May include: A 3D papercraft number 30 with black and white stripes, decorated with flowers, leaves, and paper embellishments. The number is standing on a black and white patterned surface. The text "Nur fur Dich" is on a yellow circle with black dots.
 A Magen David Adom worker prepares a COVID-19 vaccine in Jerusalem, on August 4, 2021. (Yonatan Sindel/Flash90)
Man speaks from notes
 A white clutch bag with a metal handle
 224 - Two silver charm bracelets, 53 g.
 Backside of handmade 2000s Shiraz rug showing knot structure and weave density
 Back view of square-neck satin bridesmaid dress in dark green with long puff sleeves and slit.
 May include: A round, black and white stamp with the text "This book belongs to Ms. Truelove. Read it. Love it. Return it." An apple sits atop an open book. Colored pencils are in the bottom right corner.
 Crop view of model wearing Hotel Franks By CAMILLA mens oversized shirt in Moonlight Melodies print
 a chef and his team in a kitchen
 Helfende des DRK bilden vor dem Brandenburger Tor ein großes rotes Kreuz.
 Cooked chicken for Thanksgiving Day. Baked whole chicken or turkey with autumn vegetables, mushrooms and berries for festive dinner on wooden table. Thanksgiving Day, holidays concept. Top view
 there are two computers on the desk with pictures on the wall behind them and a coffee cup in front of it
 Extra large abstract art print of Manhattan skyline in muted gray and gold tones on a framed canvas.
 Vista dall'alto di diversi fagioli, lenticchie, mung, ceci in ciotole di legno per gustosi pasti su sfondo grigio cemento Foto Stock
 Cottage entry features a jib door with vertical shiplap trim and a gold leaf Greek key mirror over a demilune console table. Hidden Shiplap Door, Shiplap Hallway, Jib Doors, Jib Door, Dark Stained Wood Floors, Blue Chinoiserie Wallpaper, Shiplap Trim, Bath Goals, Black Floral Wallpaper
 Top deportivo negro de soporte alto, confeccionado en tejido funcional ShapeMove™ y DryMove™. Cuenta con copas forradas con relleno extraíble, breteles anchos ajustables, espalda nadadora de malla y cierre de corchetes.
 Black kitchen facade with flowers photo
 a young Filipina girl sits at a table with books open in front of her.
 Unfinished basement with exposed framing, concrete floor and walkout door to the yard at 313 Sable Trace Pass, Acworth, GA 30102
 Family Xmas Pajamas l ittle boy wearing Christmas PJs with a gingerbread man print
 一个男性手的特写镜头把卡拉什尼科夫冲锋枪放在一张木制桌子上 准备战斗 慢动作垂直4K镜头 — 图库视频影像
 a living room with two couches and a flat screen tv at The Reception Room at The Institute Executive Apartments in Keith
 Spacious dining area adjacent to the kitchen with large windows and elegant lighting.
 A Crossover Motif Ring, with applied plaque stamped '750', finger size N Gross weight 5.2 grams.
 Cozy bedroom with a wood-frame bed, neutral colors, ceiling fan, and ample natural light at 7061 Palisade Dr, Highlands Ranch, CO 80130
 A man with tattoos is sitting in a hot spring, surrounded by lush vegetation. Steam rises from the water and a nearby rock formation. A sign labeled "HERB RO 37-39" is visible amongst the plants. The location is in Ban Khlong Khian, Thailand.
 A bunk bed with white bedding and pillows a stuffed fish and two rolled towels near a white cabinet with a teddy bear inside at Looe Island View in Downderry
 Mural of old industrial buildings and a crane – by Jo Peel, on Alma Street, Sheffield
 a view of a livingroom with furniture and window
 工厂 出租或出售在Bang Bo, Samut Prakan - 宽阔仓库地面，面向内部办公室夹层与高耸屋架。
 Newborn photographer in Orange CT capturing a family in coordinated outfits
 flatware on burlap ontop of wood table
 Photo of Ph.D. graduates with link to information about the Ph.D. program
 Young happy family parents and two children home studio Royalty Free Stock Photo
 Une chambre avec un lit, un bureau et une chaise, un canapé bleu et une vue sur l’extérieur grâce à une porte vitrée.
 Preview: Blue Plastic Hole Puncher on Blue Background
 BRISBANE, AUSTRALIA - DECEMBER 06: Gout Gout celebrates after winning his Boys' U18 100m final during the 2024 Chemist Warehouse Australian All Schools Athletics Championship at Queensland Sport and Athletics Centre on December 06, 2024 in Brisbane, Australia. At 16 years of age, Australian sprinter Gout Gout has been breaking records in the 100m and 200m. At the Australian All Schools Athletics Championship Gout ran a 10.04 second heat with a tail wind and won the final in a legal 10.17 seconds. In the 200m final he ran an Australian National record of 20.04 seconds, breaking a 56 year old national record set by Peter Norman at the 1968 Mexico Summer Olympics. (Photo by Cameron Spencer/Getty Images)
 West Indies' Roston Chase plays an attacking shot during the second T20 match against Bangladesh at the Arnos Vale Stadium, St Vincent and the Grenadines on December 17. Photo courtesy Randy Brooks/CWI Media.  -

========

Assignment: Go through the material and copy each line in which the word "sits" occurs.

Exercise result:
 May include: A round, black and white stamp with the text "This book belongs to Ms. Truelove. Read it. Love it. Return it." An apple sits atop an open book. Colored pencils are in the bottom right corner.
 a young Filipina girl sits at a table with books open in front of her.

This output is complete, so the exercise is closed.